**Stored data:**
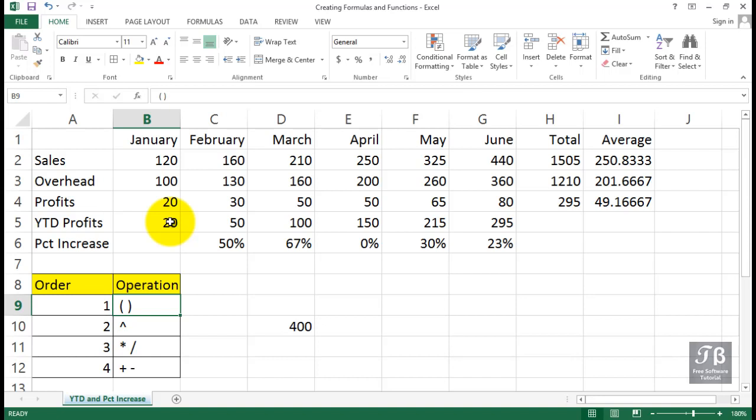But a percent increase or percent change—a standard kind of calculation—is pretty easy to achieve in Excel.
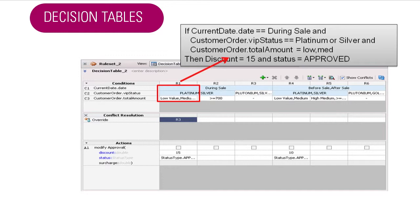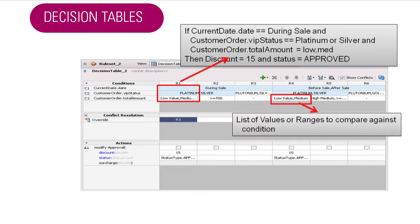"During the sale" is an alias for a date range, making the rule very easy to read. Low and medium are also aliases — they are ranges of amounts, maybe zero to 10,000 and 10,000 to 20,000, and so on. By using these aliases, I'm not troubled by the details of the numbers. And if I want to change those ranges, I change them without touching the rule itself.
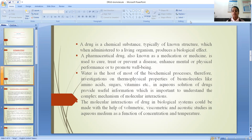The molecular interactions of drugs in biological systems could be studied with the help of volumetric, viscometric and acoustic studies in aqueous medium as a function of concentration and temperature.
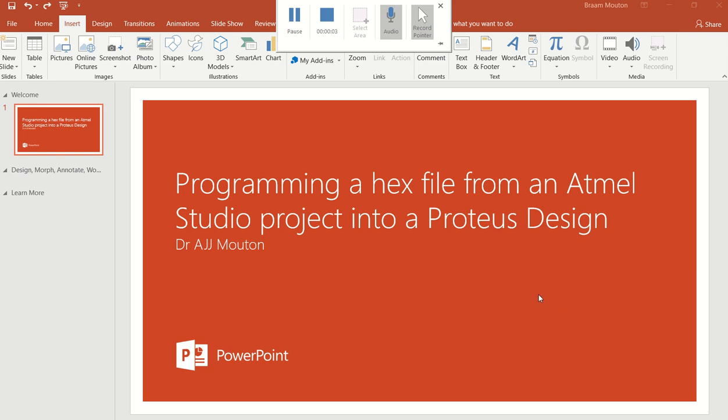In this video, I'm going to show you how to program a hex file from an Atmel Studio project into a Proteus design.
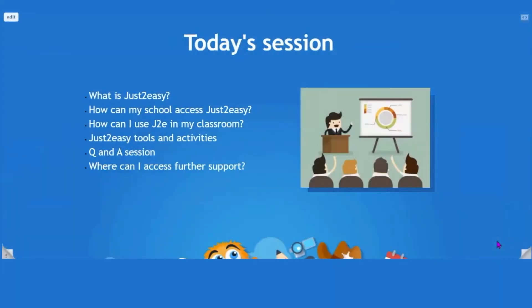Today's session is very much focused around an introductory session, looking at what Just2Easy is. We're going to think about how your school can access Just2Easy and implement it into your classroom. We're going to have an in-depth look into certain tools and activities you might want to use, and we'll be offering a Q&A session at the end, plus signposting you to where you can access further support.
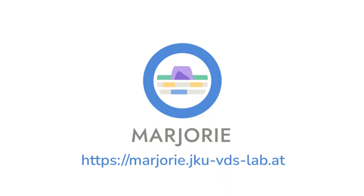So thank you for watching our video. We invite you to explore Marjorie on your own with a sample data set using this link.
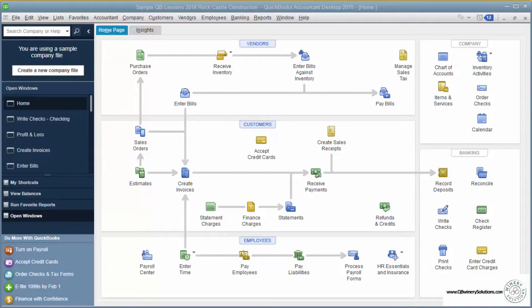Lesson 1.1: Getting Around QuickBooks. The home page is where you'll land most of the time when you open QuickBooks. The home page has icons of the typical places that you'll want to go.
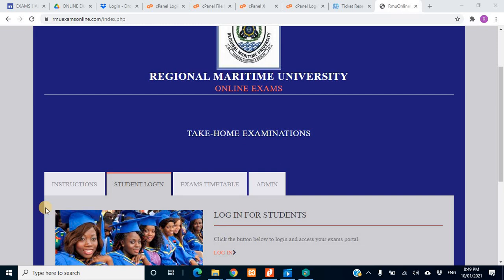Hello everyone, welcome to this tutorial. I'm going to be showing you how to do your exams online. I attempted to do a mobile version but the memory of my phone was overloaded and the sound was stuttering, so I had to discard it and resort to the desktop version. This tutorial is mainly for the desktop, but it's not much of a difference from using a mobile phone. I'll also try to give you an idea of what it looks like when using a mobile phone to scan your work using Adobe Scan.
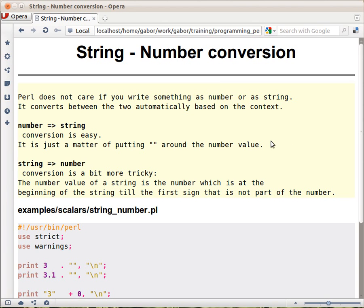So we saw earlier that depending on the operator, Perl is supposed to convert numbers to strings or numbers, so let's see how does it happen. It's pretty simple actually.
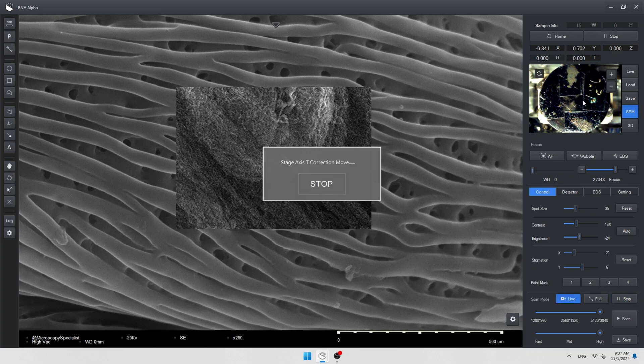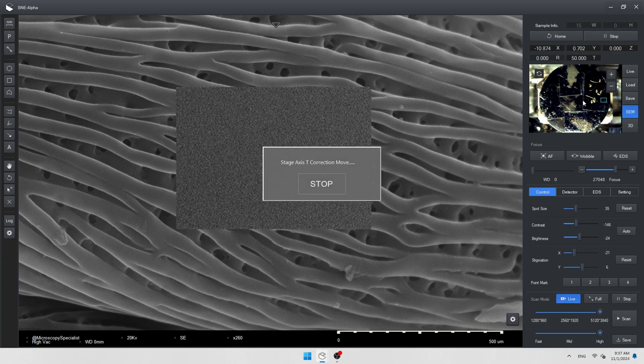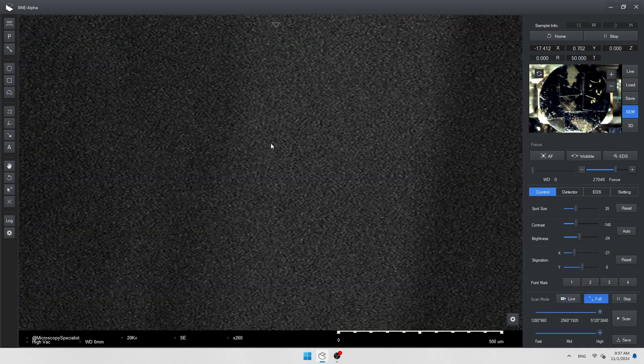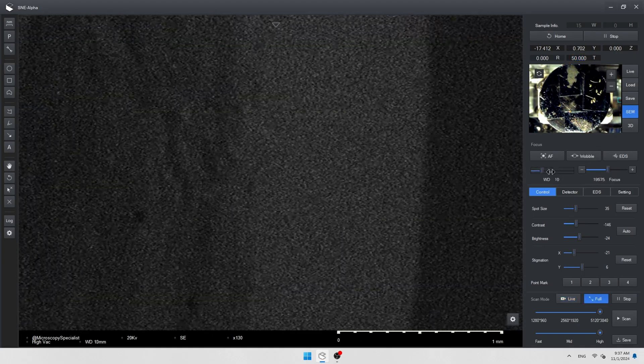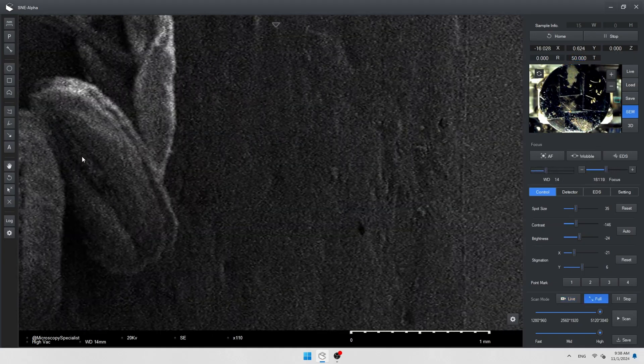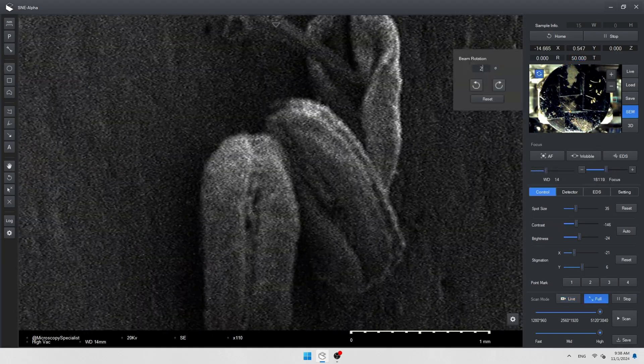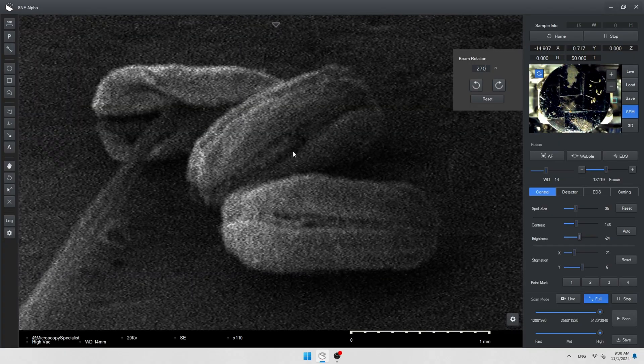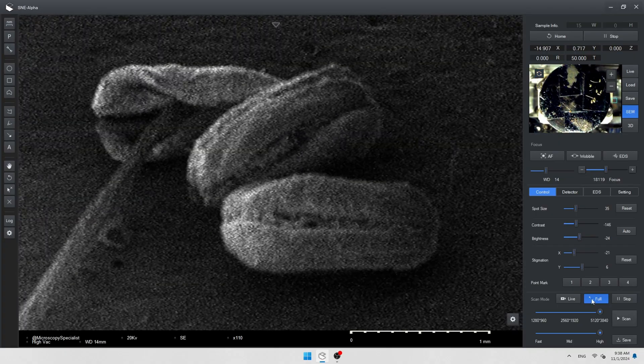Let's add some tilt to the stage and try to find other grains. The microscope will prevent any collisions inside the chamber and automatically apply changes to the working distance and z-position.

==

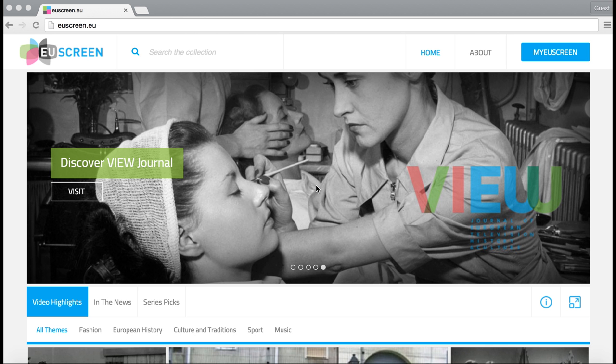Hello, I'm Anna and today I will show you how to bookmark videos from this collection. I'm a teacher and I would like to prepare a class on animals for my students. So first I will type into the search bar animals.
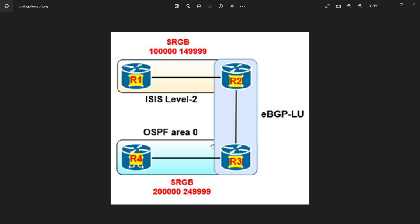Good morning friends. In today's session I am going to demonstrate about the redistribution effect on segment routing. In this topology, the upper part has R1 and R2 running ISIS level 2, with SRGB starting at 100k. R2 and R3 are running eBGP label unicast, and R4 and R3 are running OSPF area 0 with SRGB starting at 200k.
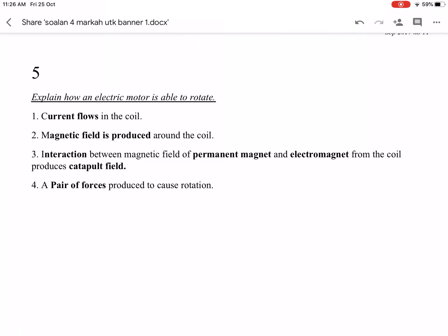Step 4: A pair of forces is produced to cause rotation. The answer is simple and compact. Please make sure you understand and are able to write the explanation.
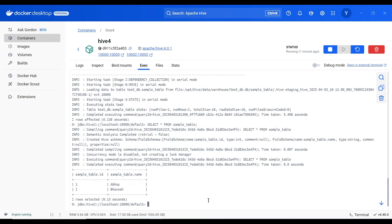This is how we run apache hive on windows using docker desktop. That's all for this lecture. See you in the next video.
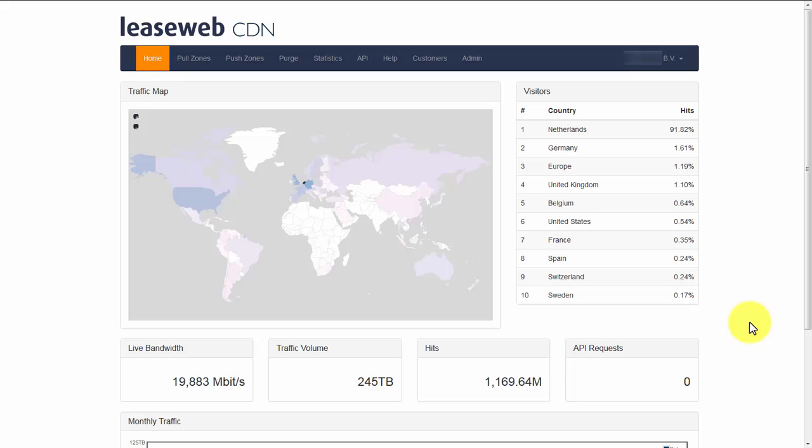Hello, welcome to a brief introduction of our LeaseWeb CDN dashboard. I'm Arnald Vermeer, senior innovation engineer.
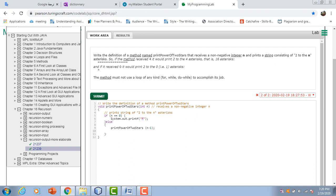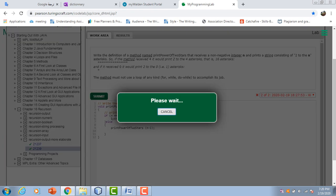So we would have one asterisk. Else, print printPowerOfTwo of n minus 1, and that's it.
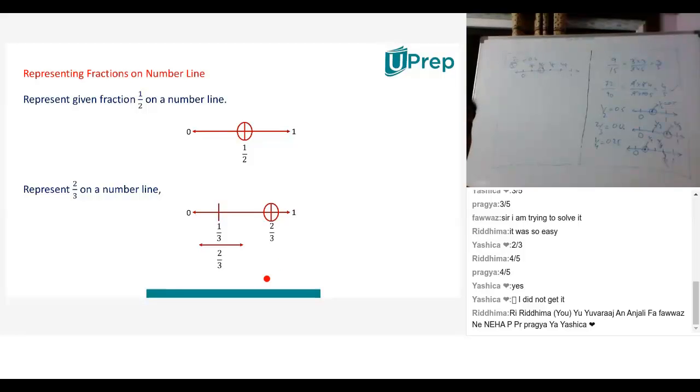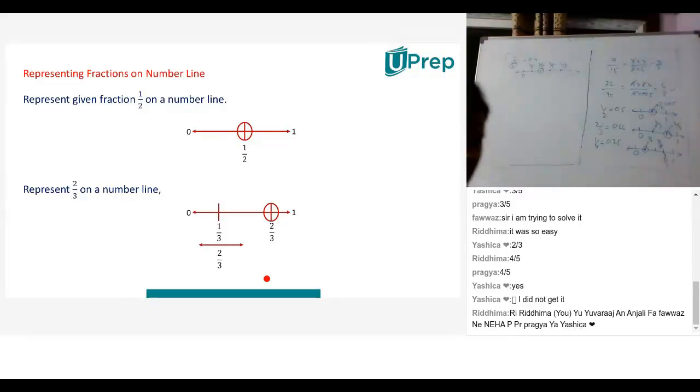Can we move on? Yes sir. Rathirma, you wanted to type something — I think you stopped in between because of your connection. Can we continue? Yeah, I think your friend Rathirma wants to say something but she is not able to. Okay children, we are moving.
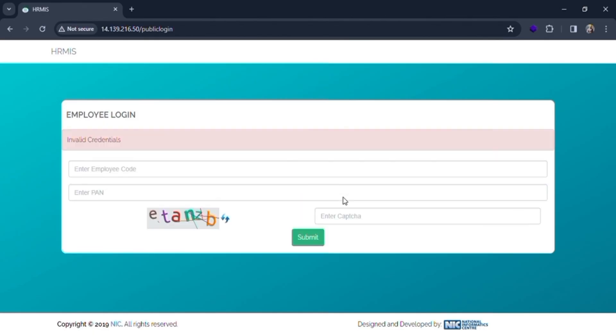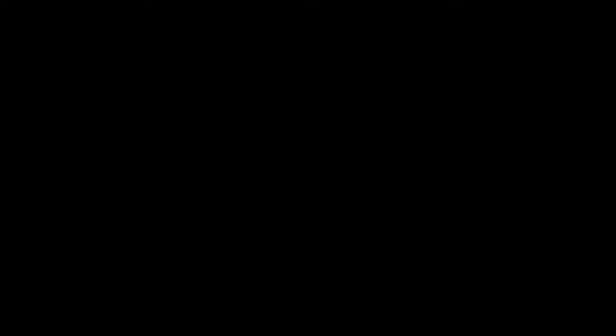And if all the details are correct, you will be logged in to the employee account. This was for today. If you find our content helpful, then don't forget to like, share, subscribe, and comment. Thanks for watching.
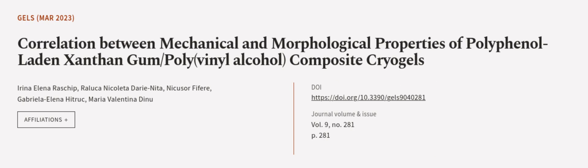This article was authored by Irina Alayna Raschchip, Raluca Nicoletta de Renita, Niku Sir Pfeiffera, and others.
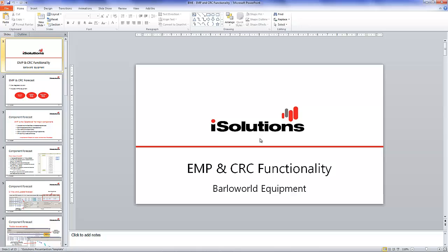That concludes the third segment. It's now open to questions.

**Exercise goal:** Once the line with "But a percent" has been found above, output that line and every later line exactly, stopping after the line with "So we saw earlier", and omit the pictures.

**Task output:**
But a percent increase or percent change—a standard kind of calculation—is pretty easy to achieve in Excel.
"During the sale" is an alias for a date range, making the rule very easy to read. Low and medium are also aliases — they are ranges of amounts, maybe zero to 10,000 and 10,000 to 20,000, and so on. By using these aliases, I'm not troubled by the details of the numbers. And if I want to change those ranges, I change them without touching the rule itself.
The molecular interactions of drugs in biological systems could be studied with the help of volumetric, viscometric and acoustic studies in aqueous medium as a function of concentration and temperature.
In this video, I'm going to show you how to program a hex file from an Atmel Studio project into a Proteus design.
Today's session is very much focused around an introductory session, looking at what Just2Easy is. We're going to think about how your school can access Just2Easy and implement it into your classroom. We're going to have an in-depth look into certain tools and activities you might want to use, and we'll be offering a Q&A session at the end, plus signposting you to where you can access further support.
So thank you for watching our video. We invite you to explore Marjorie on your own with a sample data set using this link.
Lesson 1.1: Getting Around QuickBooks. The home page is where you'll land most of the time when you open QuickBooks. The home page has icons of the typical places that you'll want to go.
Hello everyone, welcome to this tutorial. I'm going to be showing you how to do your exams online. I attempted to do a mobile version but the memory of my phone was overloaded and the sound was stuttering, so I had to discard it and resort to the desktop version. This tutorial is mainly for the desktop, but it's not much of a difference from using a mobile phone. I'll also try to give you an idea of what it looks like when using a mobile phone to scan your work using Adobe Scan.
So we saw earlier that depending on the operator, Perl is supposed to convert numbers to strings or numbers, so let's see how does it happen. It's pretty simple actually.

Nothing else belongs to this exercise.